WORK TO BE COMPLETED ->
A faithful copy of the listing below is needed, with its pictures left out.

INFORMATION SUPPLIED ->

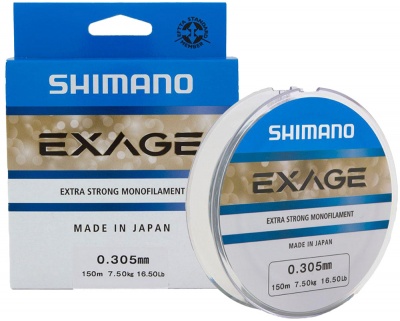 Леска Shimano Exage 300m 0.355mm 10.4kg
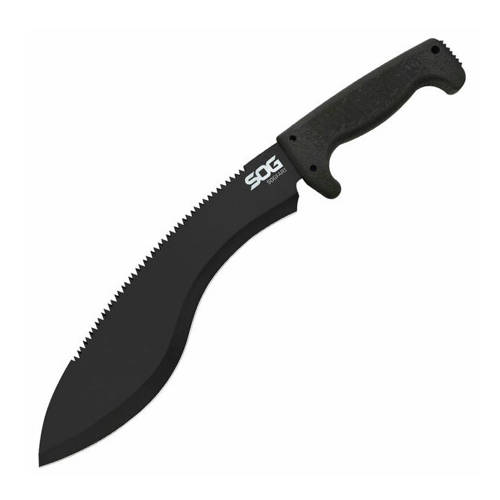 SOG - Kukri Sogfari Machete - 13'' - Schwarz - MC11-N - Feststehende Messer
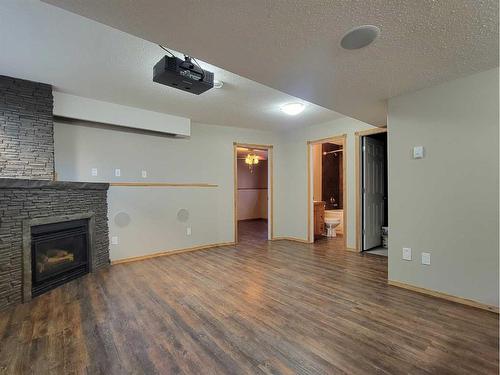 9441 90A Street, Grande Prairie, AB - Indoor With Fireplace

FINISHED TASK ->
 Леска Shimano Exage 300m 0.355mm 10.4kg
 SOG - Kukri Sogfari Machete - 13'' - Schwarz - MC11-N - Feststehende Messer
 9441 90A Street, Grande Prairie, AB - Indoor With Fireplace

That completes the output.